# [Task to carry out]
In the entries below, begin at the line that has "Mountain Paradise Homestay", stop after the line that has "(Category: ) located", and output those lines exactly with no pictures.

# [Dataset]

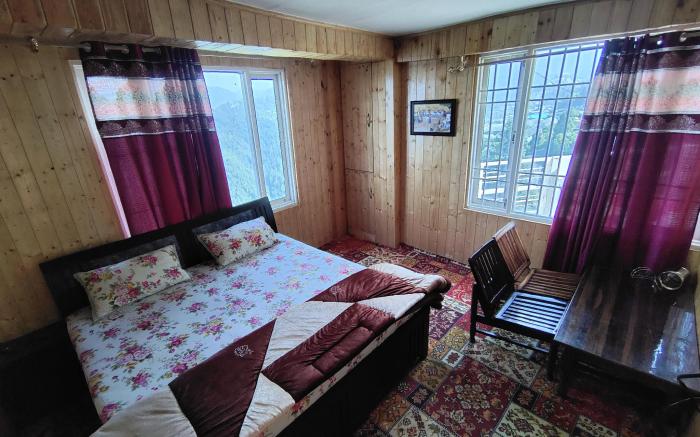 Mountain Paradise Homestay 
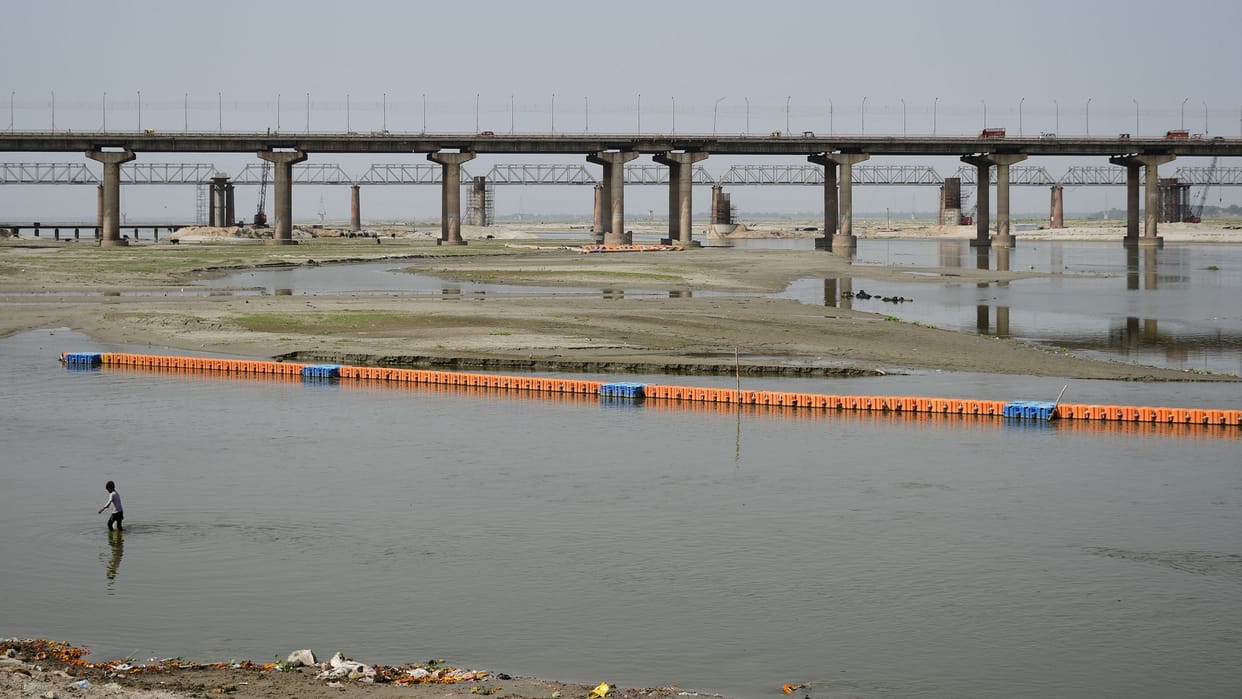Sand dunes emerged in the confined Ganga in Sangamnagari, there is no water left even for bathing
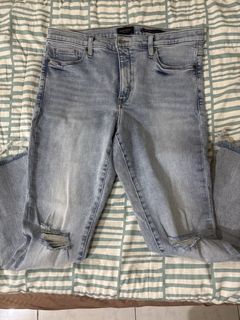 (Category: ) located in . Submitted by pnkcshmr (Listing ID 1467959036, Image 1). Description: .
...
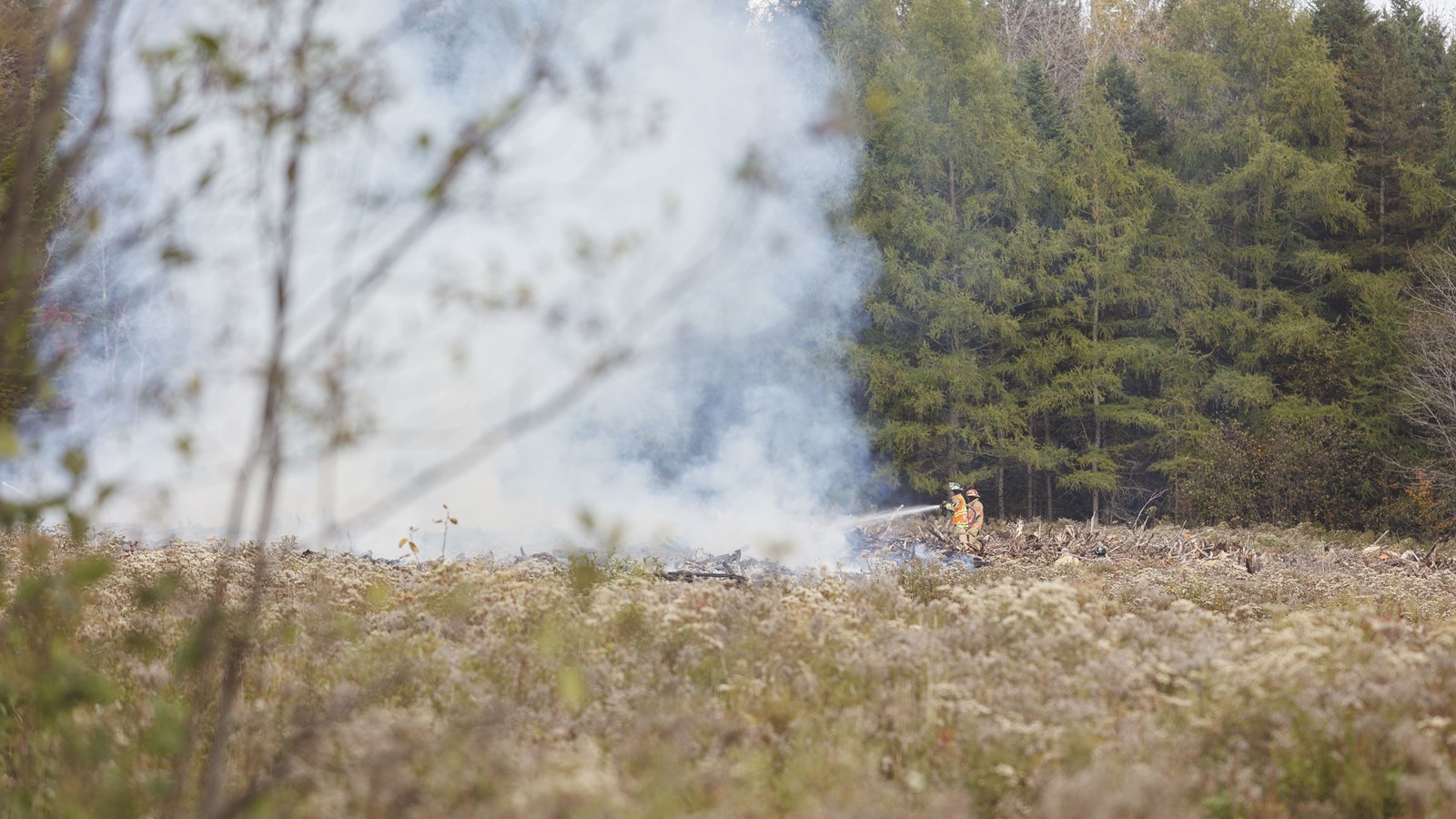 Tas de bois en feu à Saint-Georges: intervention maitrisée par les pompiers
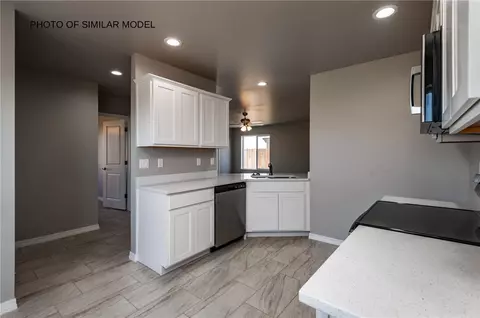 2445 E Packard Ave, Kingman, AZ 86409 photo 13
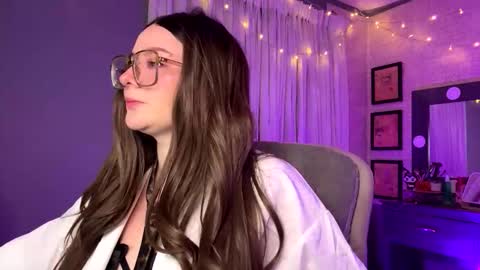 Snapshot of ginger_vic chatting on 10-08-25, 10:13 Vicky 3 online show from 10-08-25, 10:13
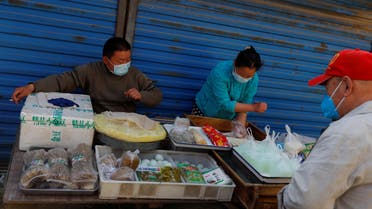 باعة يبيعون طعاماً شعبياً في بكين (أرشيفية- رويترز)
--
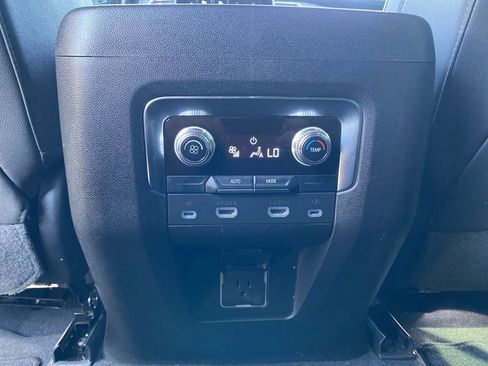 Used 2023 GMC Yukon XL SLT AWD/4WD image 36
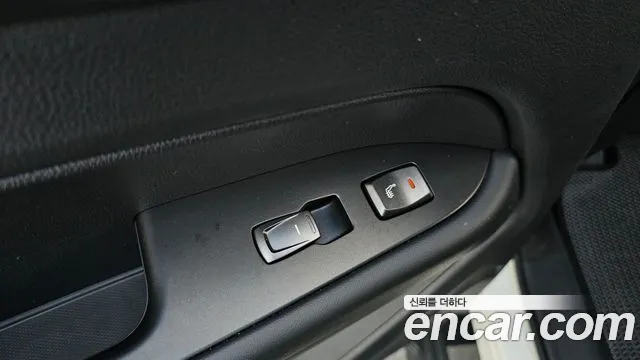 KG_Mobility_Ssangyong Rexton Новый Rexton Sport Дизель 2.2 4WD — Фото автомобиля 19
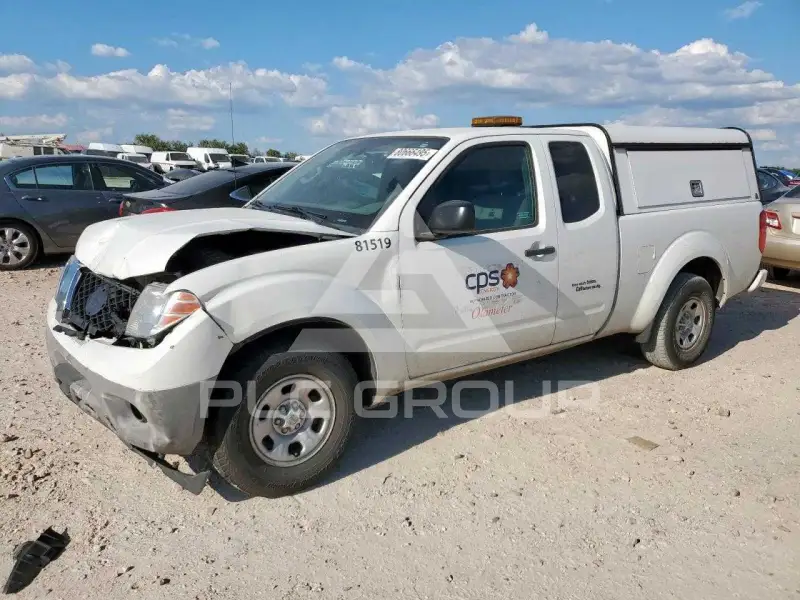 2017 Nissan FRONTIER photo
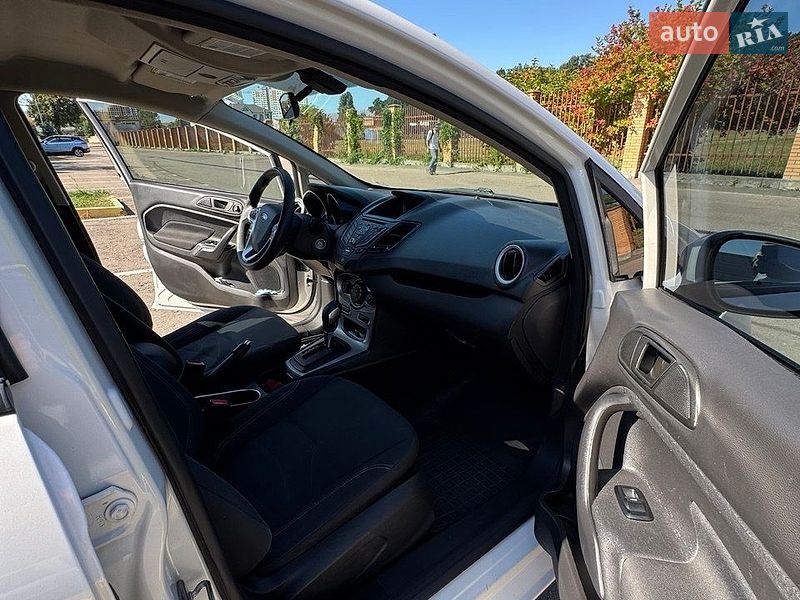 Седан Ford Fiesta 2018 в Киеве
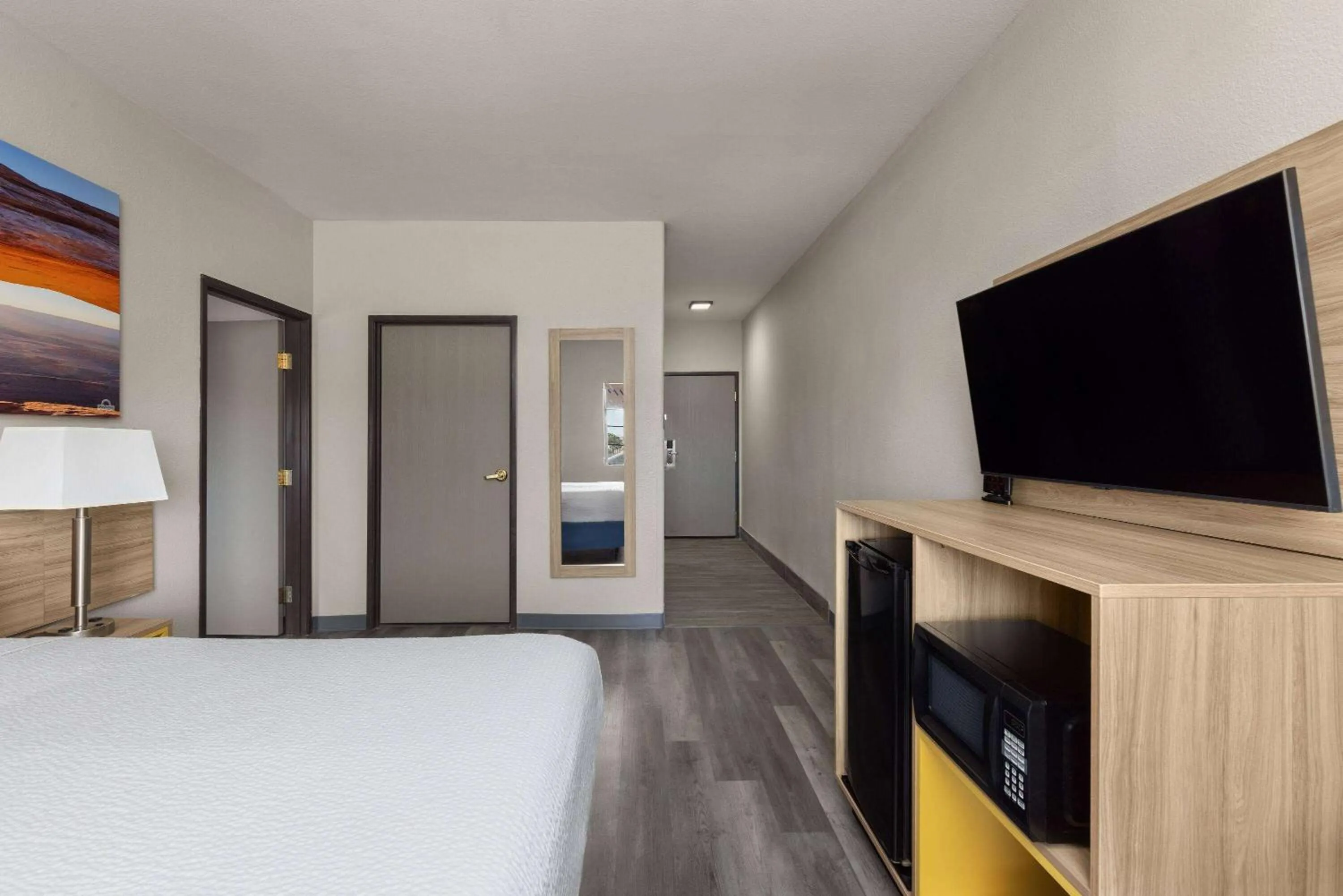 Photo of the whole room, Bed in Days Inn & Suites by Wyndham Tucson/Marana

# [Exercise response]
 Mountain Paradise Homestay 
Sand dunes emerged in the confined Ganga in Sangamnagari, there is no water left even for bathing
 (Category: ) located in . Submitted by pnkcshmr (Listing ID 1467959036, Image 1). Description: .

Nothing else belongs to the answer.